King hasn’t pitched since July 9, landing on the injured list with what the team initially called shoulder inflammation. That he required this procedure to address the issue is a bit discouraging, since some pitchers (most prominently Matt Harvey) never regained their effectiveness after bouts with thoracic outlet syndrome. That’s not to say TOS surgery is automatically a crushing blow, however. As one example, the Diamondbacks’ Merrill Kelly underwent a thoracic outlet procedure last September and has been durable (aside from a battle with COVID-19) and essentially as productive this season as he’d been in years prior.
The Rangers have had a below-average relief group this season, but King had been a bright spot before his injury. The southpaw frequently worked multiple innings, tossing 46 frames over 27 appearances. Despite a below-average 20.7% strikeout rate, King posted a 3.52 ERA thanks largely to his ability to keep the ball on the ground. The sinkerballer racked up grounders at a 57% clip, a top thirty mark among the 320 relievers with 20+ innings pitched.
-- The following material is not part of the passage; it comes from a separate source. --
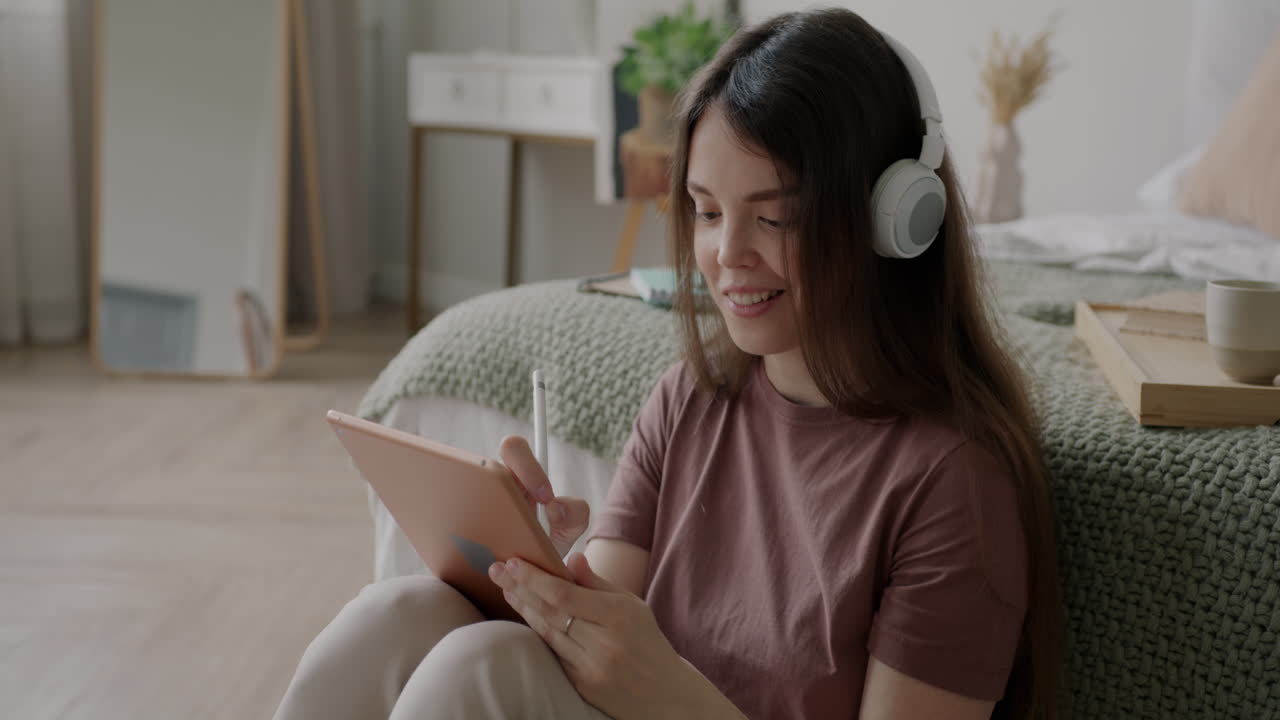 Woman Drawing on a Tablet in Bedroom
That performance was impressive enough that King was initially reported to be part of the Yankees’ deadline acquisition of Joey Gallo. He was eventually removed from the deal as part of a later reshuffling, with Joely Rodríguez heading to the Bronx instead. (King was already on the IL at the time and didn’t return to pitch this season).
Assuming he’s ready for Spring Training as expected, King should have the inside track at landing a season-opening spot in the Texas bullpen. The 27-year-old isn’t slated to reach arbitration eligibility until after the 2023 campaign at the earliest, and future optional assignments could push back that timeline even further.